Your best guide for more resources is gopher-reading-list. It is a collection of links on learning materials, grouped by topic and experience level.

#golang
Ah jira, here we go again... I joined a new team, and there is Jira for tracking tasks. So, let's re-learn how to survive.

🐚 go-jira is a CLI client for Jira. It can do a lot: browse, search, create, manage, assign tasks.

🐚 micro is like nano but a bit bigger. It is a CLI text editor with friendly hotkeys and interface. I haven't used to vim, and work with go-jira is a bit faster if you edit the text without leaving the terminal. Of course, you can just use gedit/pluma/vscode as your $EDITOR.

#cli
🐚 git-extras is a huge collection of additional commands for git to get the project stat, automatize work with branches, help to solve common issues with commit history.
📚 Some fundamental theorems of matematics is a collection of 232 theorems from different fields of math, with a bit of context, some even with proofs. Some of them are understandable without remembering much about math, some of them are pretty hardcore. References list has 661 articles!

#math
# Algebraic effects

1. One year ago I posted 📄 Algebraic Effects for the Rest of Us (the post is here 🇷🇺)

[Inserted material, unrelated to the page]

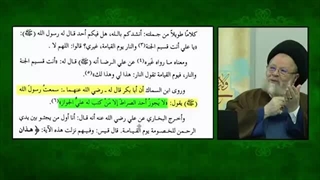 ثمره و نتیجه داشتن یا نداشتن ولایت امیرالمومنین علی (ع) روی پل صراط (آخرت) چیست ؟ استاد حسینی قزوینی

2. On the last weekend I read 📄Why PLs Should Have Effect Handlers. It's a bit older article but simpler and shorter. And it remind me about the topic...

3. Today I released eff — a small and simple Python library to work with algebraic effects. It is a true "pythonic" library, with context managers, metaclasses, type annotations, and global variables 🙃
https://github.com/orsinium-labs/eff

It's a part of "orsinium-labs" where I do quick experiments. Maybe, someone will find this experiment interesting and maybe even helpful. Since it's a very small library, I consider it "production ready". Have fun!

#python
📄SQLite as a document database is a short article about JSON support in one of the latest releases of SQLite. Sounds fun! It provides a noticeable data duplication but for a small pet project, why not.
🐚 tldr is a quite famous and big collection of human-friendly documentation for different CLI tools (not only Linux). It provides a website with search and lots of CLI clients on different languages, just pick which one you like more.